Titans Better Off With Collins
by Matt Severance - 09/10/2008
The Tennessee Titans will be without (projected) franchise quarterback Vince Young for at least the next two weeks after the No. 3 overall pick in the 2006 draft suffered an MCL sprain in Sunday's win against Jacksonville.
The Titans will start Kerry Collins for the immediate future in place of the former Texas star, but there are other factors that may indicate the team is better served to move on this season without Young despite his 18-11 record as Tennessee's starting QB.
On the field, there is little doubt that Young has regressed from his 2006 NFL Offensive Rookie of the Year season. That year, VY led the Titans to six wins in their final seven games, and the future looked bright. Thanks mainly to his rushing numbers, his stats were good if not great (51.5 percent completions, 2,199 yards, 12 TDs, 13 INTs; 552 rushing yards, seven TDs), but Young had emerged as a leader of the team.
Thus, most expected a breakout 2007 campaign, but Young struggled. His completion percentage did rise to 62.3 percent and he threw for 2,546 yards, but his interceptions jumped to 17, his touchdowns dropped to nine, his yards per carry were down 2.5 per attempt and he scored four fewer TDs on the ground. He did win, however, going 9-6 as a starter.
Largely in hopes of advancing Young's progress in 2008, the Titans brought back offensive coordinator Mike Heimerdinger, the man largely responsible for shaping Steve McNair into an MVP with the Titans. If Week 1 was any indication, that didn't help. The Titans beat the Jaguars 17-10, but not because of much Young did: 12-for-22, 110 yards passing, one touchdown, two interceptions and only one rush for four yards.
Young was booed by the home crowd after throwing that second interception, so he proceeded to throw his helmet and sit on the bench with a towel over his head. The problem came when he reportedly refused to re-enter the game when the Titans got the ball back. Collins began to warm up, but Young did go back in after a brief conversation with Coach Jeff Fisher.
The worst thing a player can do is quit on a team, and don't think the other players didn't notice.
Things didn't improve on Monday. That day, Young met with a psychologist along with Fisher and another team official. The psychologist said Young was extremely depressed and expressed concerns to the team about Young's safety. So when Young later left his home abruptly and without his cell phone, Young's family called Fisher, worried about Young's mental state. Fisher then called Nashville police, who proceeded to look for Young.
It turned out to be nothing, but the fact that the team called the police obviously tells you something deeper is going on with Young.

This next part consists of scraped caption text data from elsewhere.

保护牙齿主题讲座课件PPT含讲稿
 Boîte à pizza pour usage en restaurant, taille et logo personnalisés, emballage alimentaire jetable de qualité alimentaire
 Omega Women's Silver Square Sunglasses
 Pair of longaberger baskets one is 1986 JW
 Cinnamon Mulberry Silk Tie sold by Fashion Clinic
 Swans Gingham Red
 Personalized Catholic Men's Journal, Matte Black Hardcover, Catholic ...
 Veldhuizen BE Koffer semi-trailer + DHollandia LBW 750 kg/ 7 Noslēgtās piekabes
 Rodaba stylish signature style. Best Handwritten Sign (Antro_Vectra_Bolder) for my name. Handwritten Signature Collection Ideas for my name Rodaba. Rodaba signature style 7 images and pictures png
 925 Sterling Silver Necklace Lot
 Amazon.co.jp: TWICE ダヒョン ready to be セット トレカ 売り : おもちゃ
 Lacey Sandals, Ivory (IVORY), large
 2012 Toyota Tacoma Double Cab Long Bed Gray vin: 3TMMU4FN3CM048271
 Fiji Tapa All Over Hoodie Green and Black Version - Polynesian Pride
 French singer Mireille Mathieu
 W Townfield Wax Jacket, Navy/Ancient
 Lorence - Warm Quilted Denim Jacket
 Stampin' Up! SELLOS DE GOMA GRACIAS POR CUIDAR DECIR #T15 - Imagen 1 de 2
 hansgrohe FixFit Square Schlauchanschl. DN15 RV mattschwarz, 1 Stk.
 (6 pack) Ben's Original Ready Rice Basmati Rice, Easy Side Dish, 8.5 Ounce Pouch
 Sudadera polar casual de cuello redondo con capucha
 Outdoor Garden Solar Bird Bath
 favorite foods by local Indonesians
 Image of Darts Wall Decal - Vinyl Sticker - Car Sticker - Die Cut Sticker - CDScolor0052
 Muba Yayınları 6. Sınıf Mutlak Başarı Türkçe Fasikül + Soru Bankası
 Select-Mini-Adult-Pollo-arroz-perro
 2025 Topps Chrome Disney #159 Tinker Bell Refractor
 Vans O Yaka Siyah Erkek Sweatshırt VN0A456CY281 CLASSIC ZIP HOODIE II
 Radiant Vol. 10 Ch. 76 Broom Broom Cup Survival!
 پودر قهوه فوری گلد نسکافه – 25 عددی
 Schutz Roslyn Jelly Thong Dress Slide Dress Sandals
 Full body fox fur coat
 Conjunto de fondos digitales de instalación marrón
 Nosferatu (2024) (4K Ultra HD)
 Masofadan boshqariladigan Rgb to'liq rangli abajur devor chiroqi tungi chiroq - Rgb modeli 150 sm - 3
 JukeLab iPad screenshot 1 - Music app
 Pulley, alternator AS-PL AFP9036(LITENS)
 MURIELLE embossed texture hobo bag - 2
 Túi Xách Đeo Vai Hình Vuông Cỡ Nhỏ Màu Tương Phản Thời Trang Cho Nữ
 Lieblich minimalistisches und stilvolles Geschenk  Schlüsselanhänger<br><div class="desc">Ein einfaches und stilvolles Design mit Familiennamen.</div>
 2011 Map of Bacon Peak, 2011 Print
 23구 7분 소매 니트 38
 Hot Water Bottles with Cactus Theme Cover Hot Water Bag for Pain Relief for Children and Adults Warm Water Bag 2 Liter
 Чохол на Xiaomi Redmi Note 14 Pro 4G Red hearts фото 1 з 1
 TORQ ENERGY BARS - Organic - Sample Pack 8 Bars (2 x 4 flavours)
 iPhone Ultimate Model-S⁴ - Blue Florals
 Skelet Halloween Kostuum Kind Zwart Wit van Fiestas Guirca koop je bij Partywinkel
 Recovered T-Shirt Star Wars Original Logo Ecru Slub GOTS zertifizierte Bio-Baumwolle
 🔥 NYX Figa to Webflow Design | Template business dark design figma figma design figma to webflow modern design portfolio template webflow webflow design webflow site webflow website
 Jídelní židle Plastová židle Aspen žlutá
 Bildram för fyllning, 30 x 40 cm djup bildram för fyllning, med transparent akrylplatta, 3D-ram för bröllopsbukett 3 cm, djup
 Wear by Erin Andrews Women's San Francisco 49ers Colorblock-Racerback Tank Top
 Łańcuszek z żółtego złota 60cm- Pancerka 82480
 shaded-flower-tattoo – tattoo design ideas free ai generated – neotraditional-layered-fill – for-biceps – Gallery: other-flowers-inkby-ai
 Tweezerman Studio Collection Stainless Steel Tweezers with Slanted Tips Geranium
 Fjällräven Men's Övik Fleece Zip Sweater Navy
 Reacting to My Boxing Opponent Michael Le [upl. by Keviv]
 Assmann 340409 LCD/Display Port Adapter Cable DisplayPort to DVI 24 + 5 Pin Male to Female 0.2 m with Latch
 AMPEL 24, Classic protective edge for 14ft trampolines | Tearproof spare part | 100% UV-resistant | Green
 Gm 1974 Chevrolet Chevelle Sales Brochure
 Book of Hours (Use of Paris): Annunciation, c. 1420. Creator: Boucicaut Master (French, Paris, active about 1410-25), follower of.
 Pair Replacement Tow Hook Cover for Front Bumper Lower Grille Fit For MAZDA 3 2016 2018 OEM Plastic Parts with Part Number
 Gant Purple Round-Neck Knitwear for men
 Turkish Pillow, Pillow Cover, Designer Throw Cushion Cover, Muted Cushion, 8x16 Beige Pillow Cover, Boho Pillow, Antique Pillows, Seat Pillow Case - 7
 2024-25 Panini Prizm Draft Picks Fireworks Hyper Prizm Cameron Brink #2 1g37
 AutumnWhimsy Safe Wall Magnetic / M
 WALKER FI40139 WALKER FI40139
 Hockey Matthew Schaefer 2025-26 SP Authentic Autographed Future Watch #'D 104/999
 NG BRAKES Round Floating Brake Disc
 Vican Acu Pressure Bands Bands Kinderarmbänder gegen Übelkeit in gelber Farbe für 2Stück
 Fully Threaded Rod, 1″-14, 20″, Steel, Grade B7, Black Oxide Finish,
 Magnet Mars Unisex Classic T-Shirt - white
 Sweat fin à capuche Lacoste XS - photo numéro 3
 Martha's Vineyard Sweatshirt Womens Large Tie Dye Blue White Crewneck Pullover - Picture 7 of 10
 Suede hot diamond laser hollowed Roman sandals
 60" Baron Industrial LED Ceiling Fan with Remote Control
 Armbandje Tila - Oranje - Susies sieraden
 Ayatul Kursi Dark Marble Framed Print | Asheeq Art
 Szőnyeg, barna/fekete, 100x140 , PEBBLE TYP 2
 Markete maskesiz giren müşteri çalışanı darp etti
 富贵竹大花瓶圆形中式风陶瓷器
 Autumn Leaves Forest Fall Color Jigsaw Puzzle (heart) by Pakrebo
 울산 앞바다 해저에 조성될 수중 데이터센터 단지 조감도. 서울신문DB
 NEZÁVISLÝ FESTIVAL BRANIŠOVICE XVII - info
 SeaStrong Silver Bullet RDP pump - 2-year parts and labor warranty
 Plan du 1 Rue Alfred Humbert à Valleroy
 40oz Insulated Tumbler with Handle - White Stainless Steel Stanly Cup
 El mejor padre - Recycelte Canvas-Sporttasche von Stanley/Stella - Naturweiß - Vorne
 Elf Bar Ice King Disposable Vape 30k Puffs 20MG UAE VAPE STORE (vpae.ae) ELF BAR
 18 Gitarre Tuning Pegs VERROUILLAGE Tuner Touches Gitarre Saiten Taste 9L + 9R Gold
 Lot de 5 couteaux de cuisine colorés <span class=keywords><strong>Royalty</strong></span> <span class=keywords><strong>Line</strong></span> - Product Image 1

Felicia Young, Vince's mother, told The Tennessean said her son does want to return but that he needs some space.
"What would you think, if you were tired of being ridiculed and persecuted and talked about and not being treated very well, what would you do? What kind of decision would you make?'' Felicia Young asked. "He may not want to deal with it (all), but you have to get to that point before you make that decision first.
"But we're not talking about football right now. We're talking about what would make him happy, and that is the most important thing."
So now it's Collins' team, and that may not be a bad thing for the on-field product. It was Collins who replaced an injured Young in the season finale last season against the Colts and led the Titans to a victory and a playoff spot. It was Collins who replaced an injured Young last week and led Tennessee on the clinching touchdown drive.
Sunday's game against Cincinnati will be Collins' first start since Week 7 of last year, when he threw for 280 yards in a win against over the Texans. This guy is a 14-year veteran who ranks third among all active QBs in total passing yards, and that's where he will be an improvement for the Titans.
Collins won't scramble like Young, but he gives the team a downfield presence. I realize that Collins has only one career touchdown pass with the Titans, but he also gets to feast on the weak defenses of the Bengals and Texans the next two weeks.
The Titans will remain a run-first, defensive club. But Collins makes the team's receivers somewhat relevant again. And, perhaps more important, he brings some stability to the position.